%%

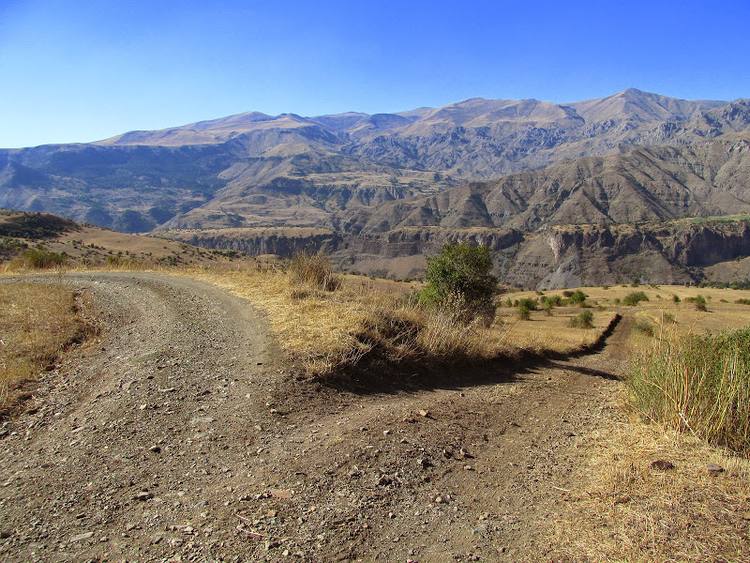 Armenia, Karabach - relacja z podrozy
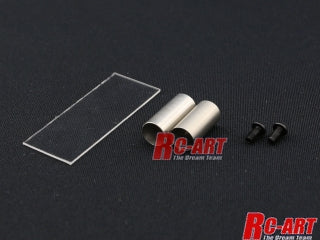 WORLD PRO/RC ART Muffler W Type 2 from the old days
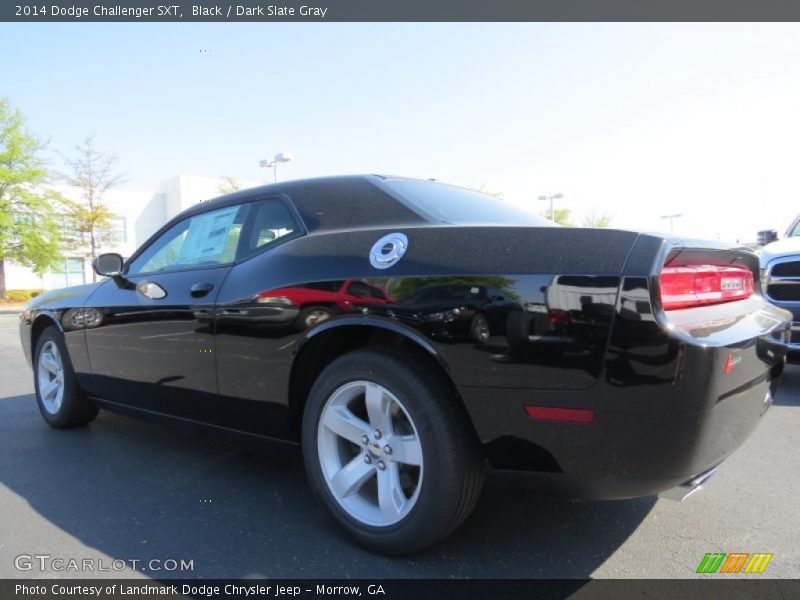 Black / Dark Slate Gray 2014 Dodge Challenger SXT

%%
%%

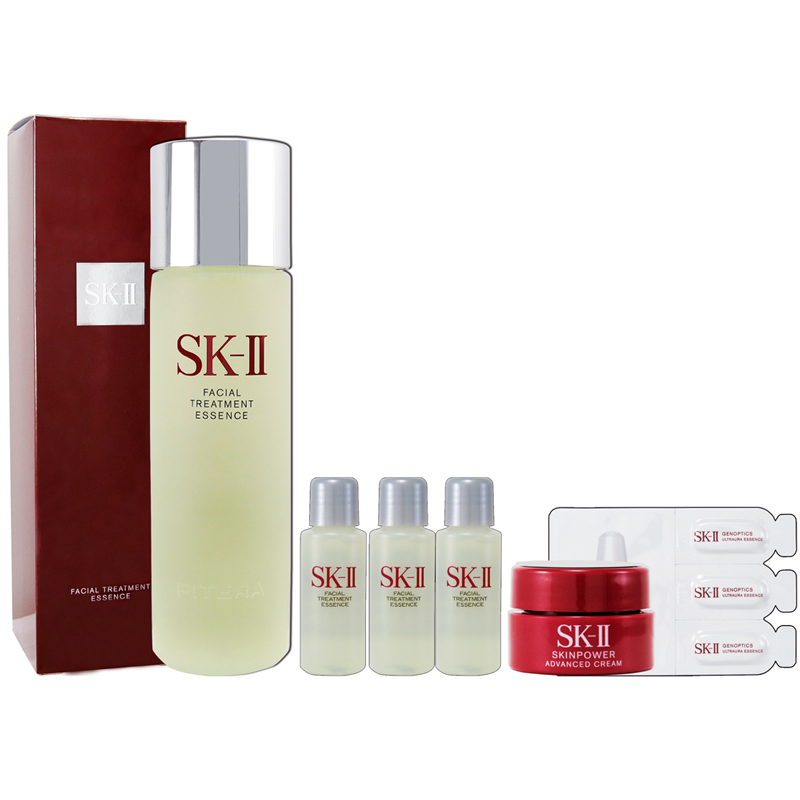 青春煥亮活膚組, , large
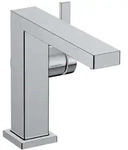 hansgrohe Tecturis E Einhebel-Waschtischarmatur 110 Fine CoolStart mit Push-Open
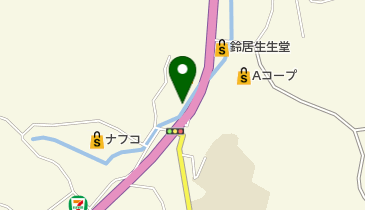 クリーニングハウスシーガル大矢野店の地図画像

%%

Exercise requirements:
Your answer should be the lines above, word for word, from the line with "Armenia, Karabach - relacja z podrozy" through the line with "Black / Dark", minus the pictures.

Solution:
 Armenia, Karabach - relacja z podrozy
 WORLD PRO/RC ART Muffler W Type 2 from the old days
 Black / Dark Slate Gray 2014 Dodge Challenger SXT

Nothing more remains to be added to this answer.